I just feel very strongly that pre 6 months you drastically reduce the attachment issues that can affect them for the rest of their lives. But I also think for a child to have the absolute maximum amount of time with adopters and minimum in "care" is ultimately far and away best for the child. When you're talking about a 6 month baby adding another 3 months on for procedure and red tape you're talking about adding 1/2 their current lifespan for what?
I also question the validity of a matching panel to a baby that age anyway. Unless the baby has specific health issues and needs how do you "match" them?

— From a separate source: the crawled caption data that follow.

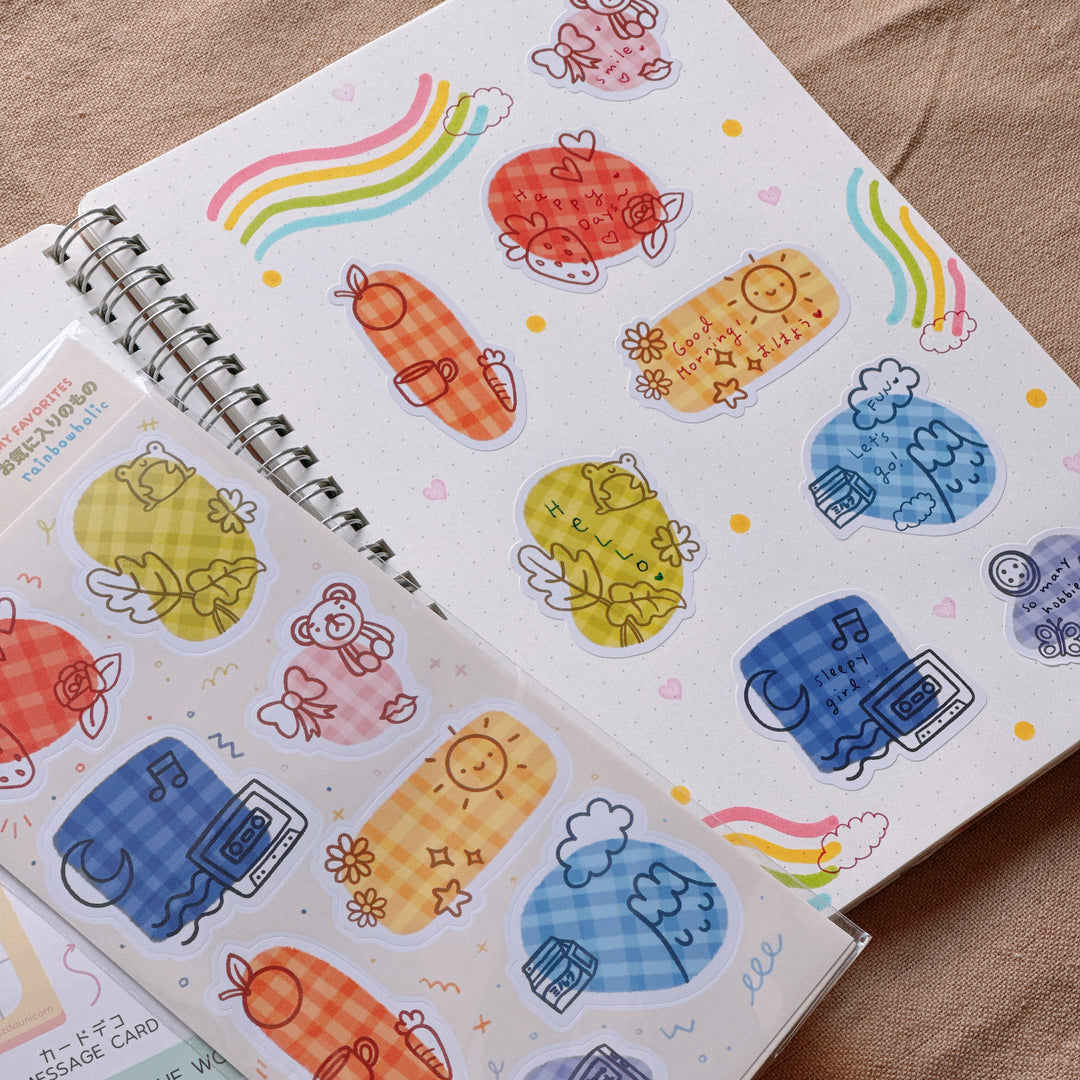 (DS017) Rainbowholic Daily Seal - My Favorites Sticker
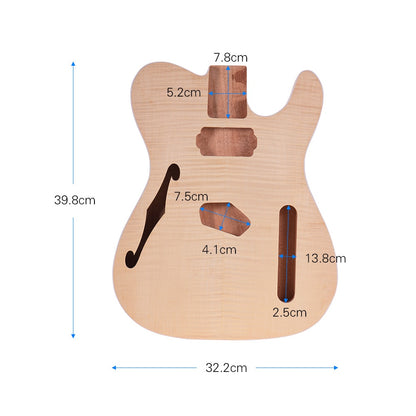 Unfinished Guitar Body - Free Shipping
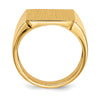 Gold Polished Squared Closed Back Signet Rings
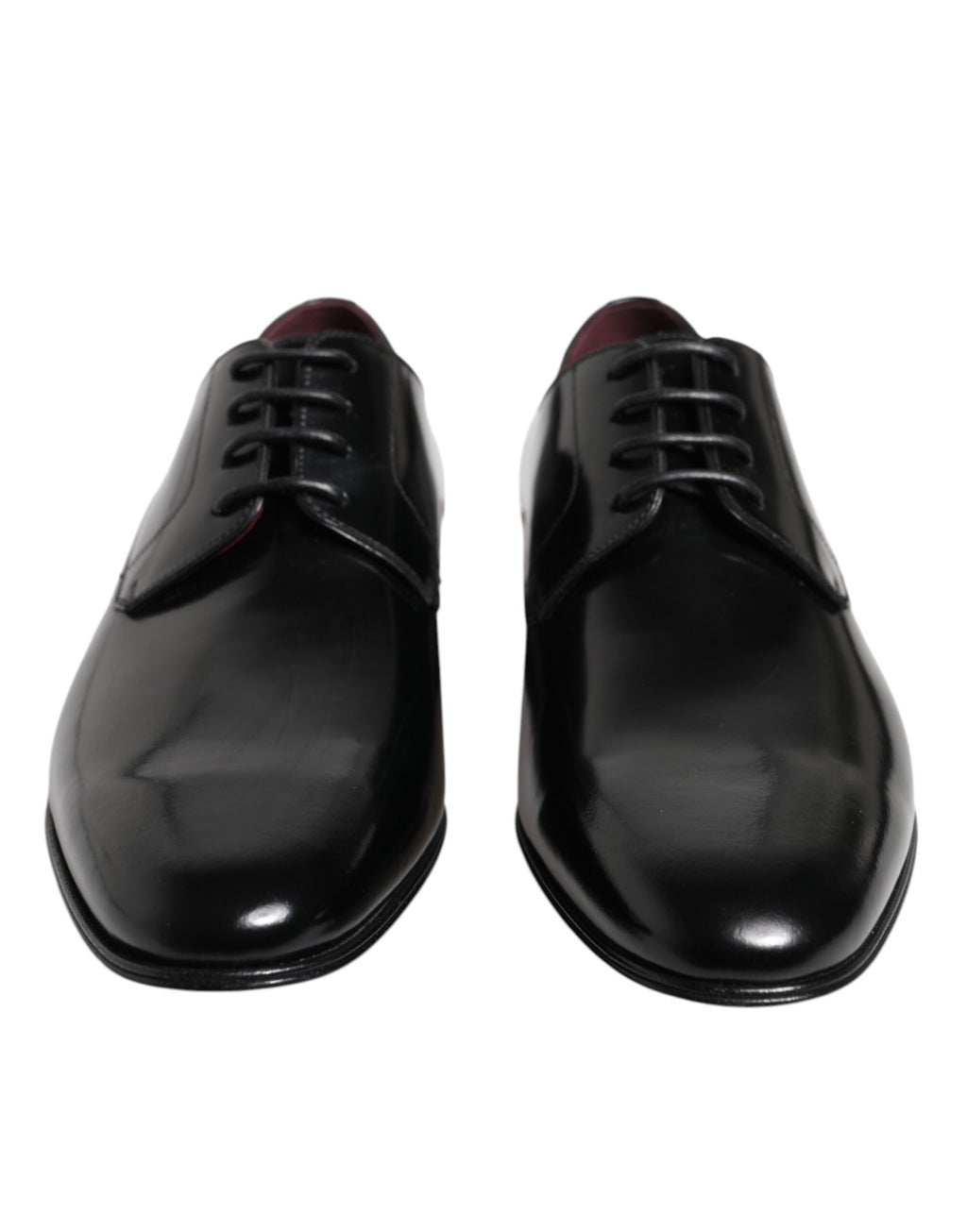 Dolce & Gabbana Männer Kleid Schwarz Kalbsleder Derby Schuhe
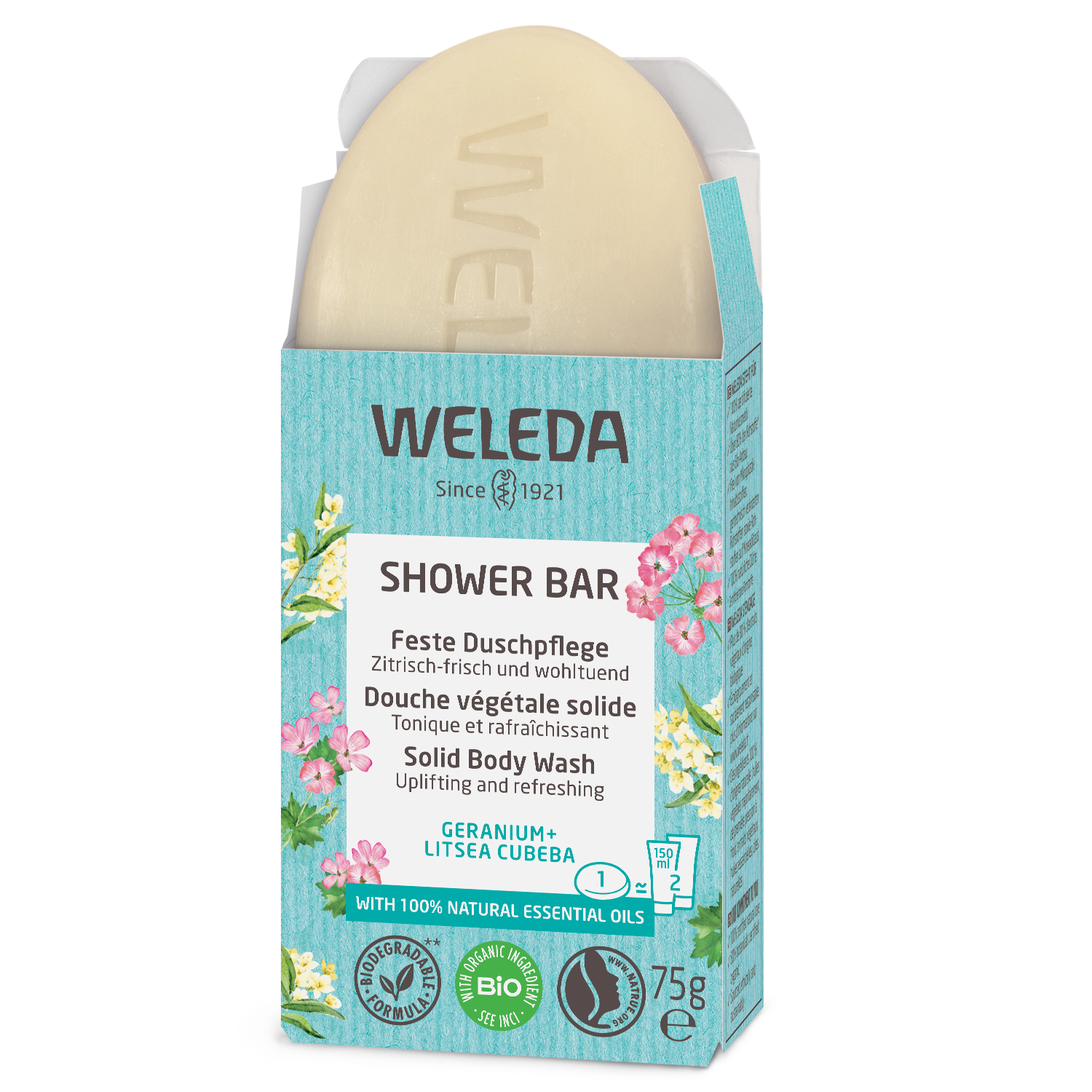 Douche Végétale Solide Geranium & Listea Cubeba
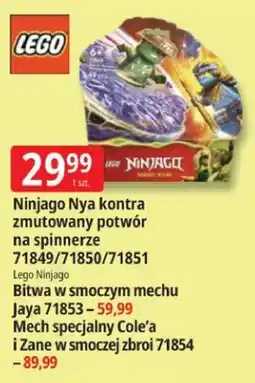 E.Leclerc Klocki Ninjago Nya kontra zmutowany potwór na spinnerze 71849 oferta
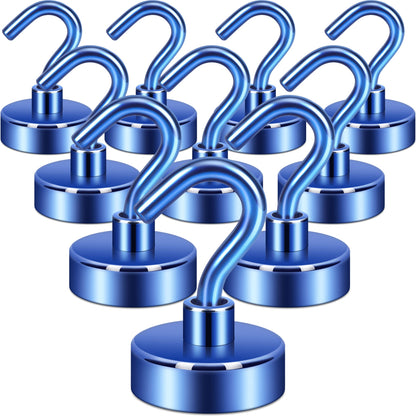 Neosmuk Magnetic Hooks, 30lb Heavy Duty, Silver, 10 Pack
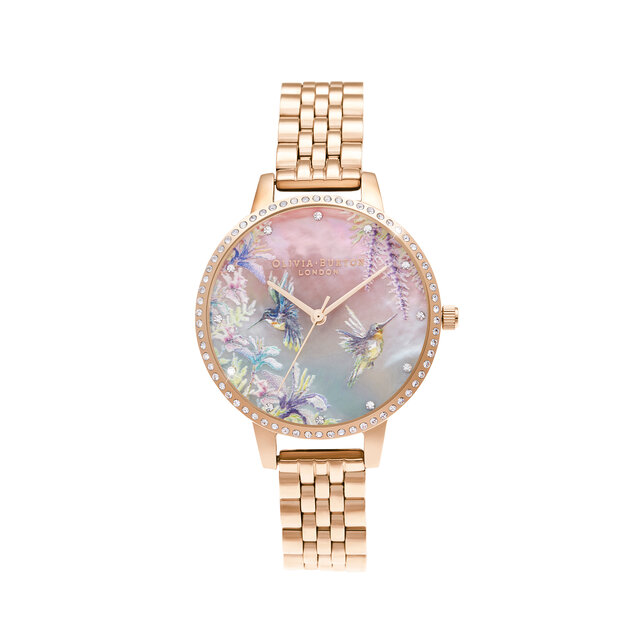 Sparkle Hummingbird et bracelet or rose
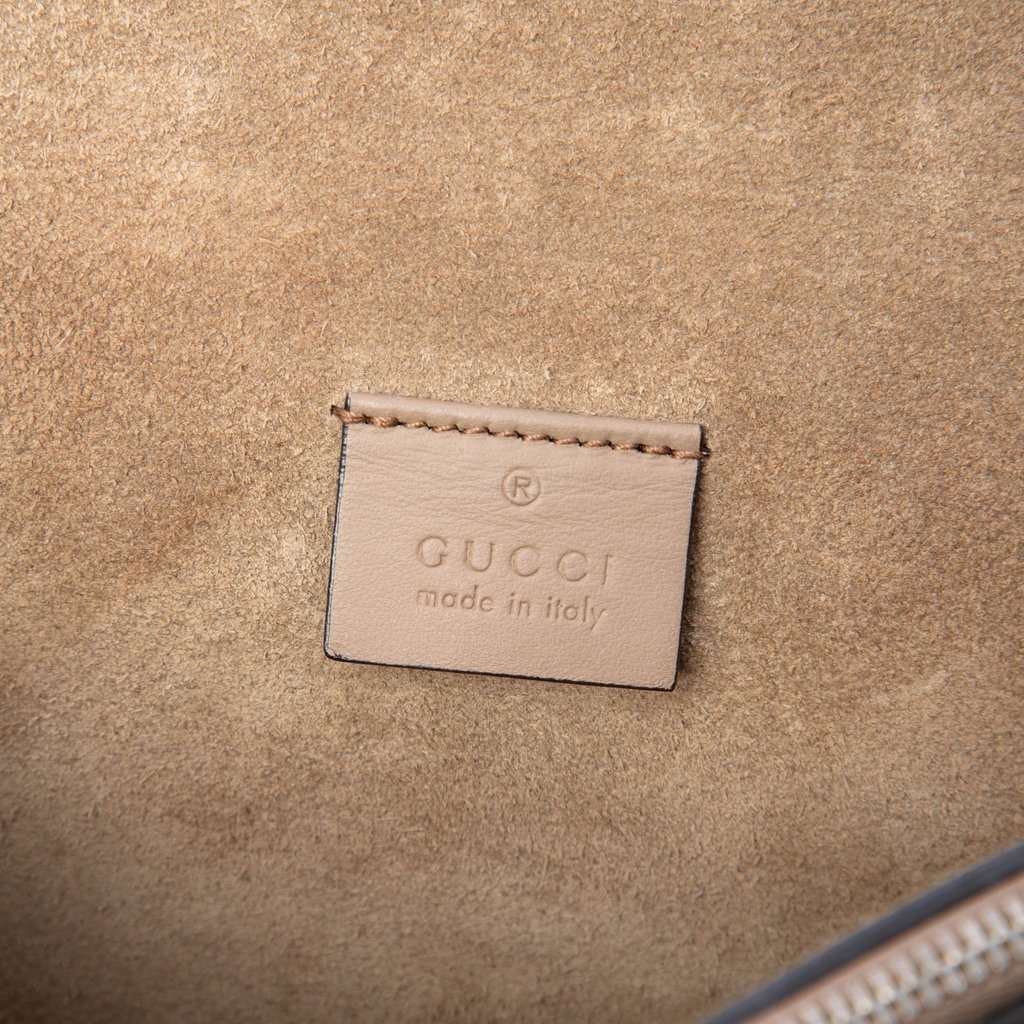 Gucci Medium GG Supreme Dionysus Shoulder Bag Beige Very good - Box View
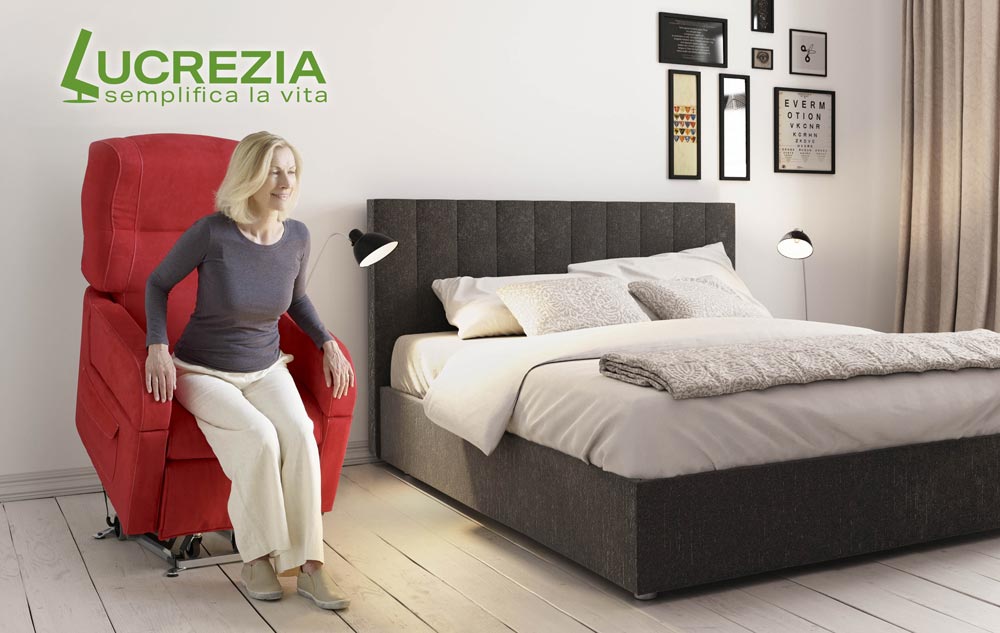 La nuova poltrona relax Lucrezia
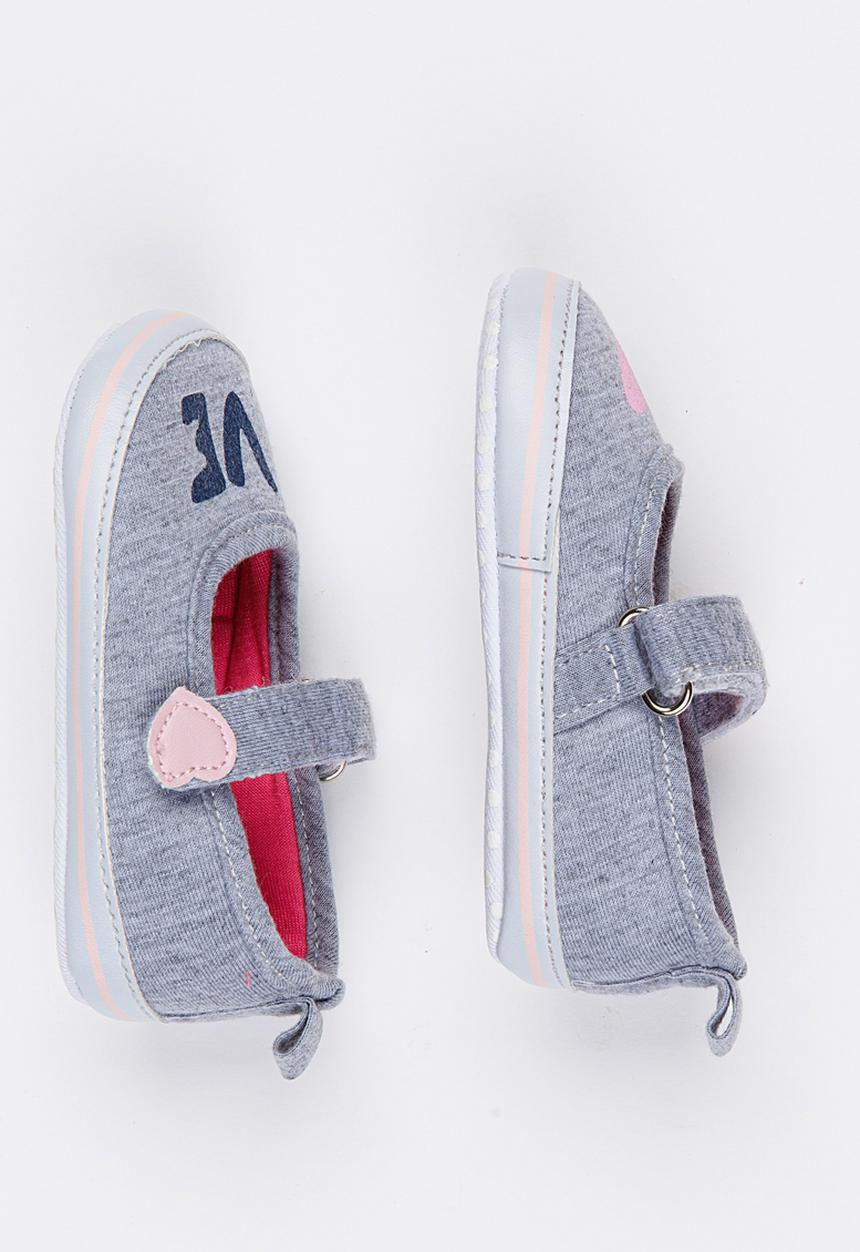 Pop Candy - Love Pumps Grey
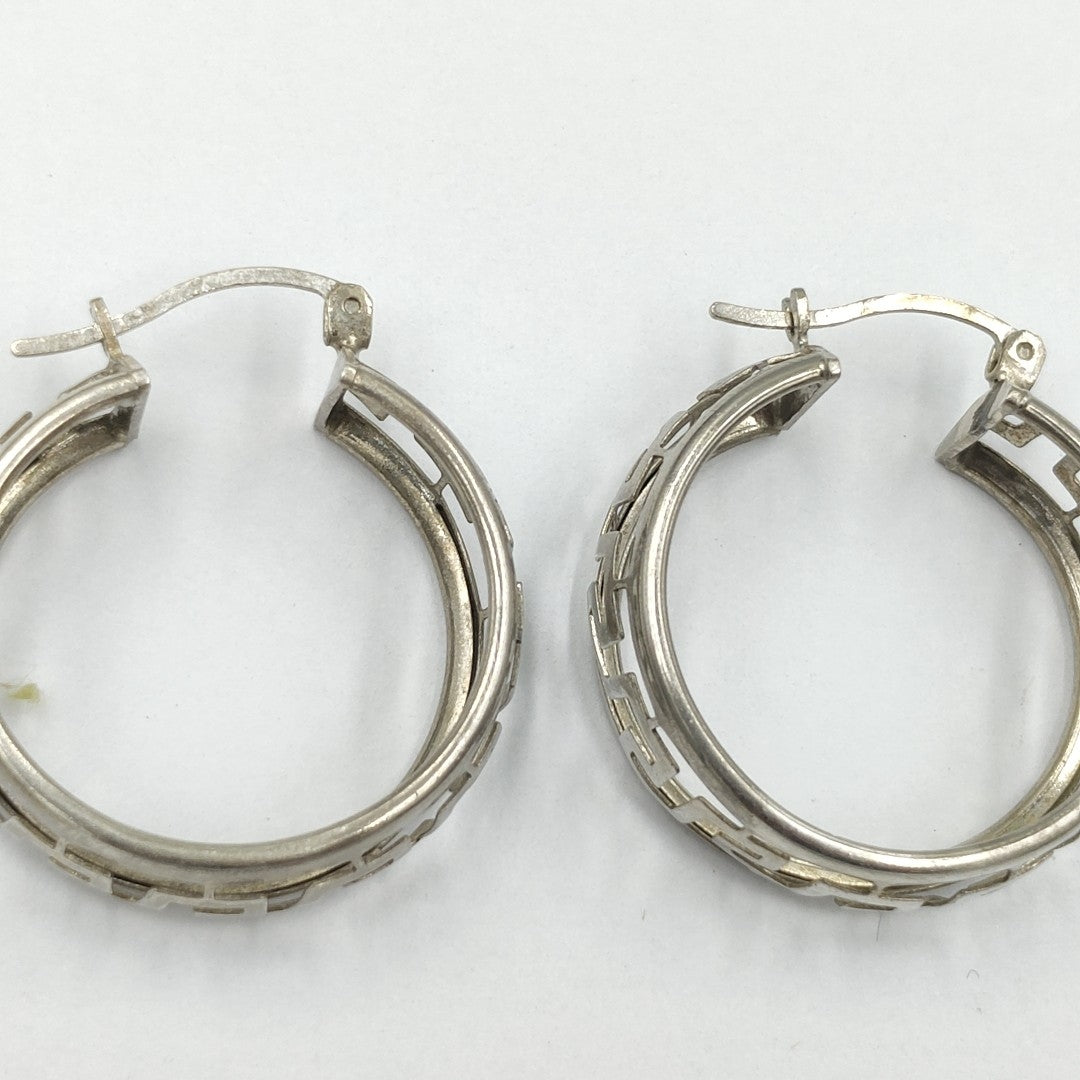 ARRACADAS PAR PLATA 5,60 GRMS (SEMINUEVO)
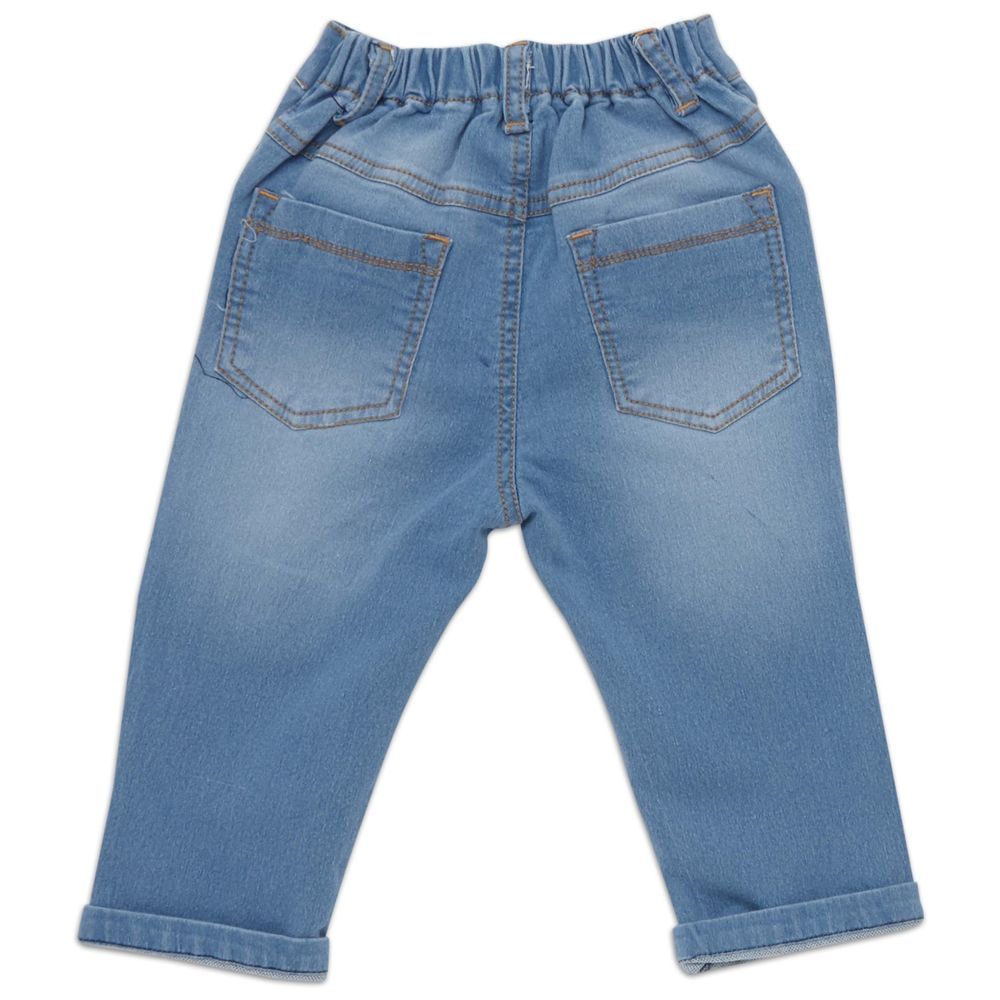 Little Kangaroos - Baby Boy's Straight Fit Jeans - Light Blue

It's ludicrous.


----------



## littlepoppy86 (Feb 14, 2014)

Totally agree becs need to be so more child focused and yes how is a panel even relevant?!

Our experience of our agency and lo is poor!! X


----------



## becs40 (Apr 9, 2013)

I think ours was pretty similar! It was only because I was really really pushy and wouldn't take no for an answer otherwise they would have waited for Feb matching panel with intros late Feb/early March. Their communication to us was utterly appalling. On day of the IRH we were expecting phone call after court but sw text at 5.30 to say she needed to ring us to discuss but had a home session to do so would ring when did was finished! The agony of those couple of hours was insane. Then she was so negative and basically said didn't look like po would be granted we should look at other profiles and start again!


----------



## Kelloggs (Aug 15, 2011)

me and my husband wondered why they do match panels for babies?? How do they choose the right match for a baby and then have to have a panel to decide its correct? 

I'm going to ask our little ones social worker if we can at least do panel before xmas so that we can do introductions in the new year otherwise its going to drag out even longer!


----------



## littlepoppy86 (Feb 14, 2014)

Becs I was the same, turned into their most hated caller haha!!! I too think of wasnt for my pushing we'd have been sat waiting till feb or March! Just awful!!

Still no life story work or later in life letter but that's another thread lol...


----------



## liveinhope (Jan 8, 2008)

Our recent match to home was quick as our daughter was pre 6 months.  when we were visited we were told that they wanted her home within a month and if we couldn't commit to that they would find adopters who could!  She came home the day she was 6 months


----------



## becs40 (Apr 9, 2013)

Another great example liveinhope that there are some social workers that really do get the 6 month key point! Our lo was home the day after he was 6 months.😊
I actually partly wondered if it was some kind of test from them to see just how hard you would fight for the right thing for them.


----------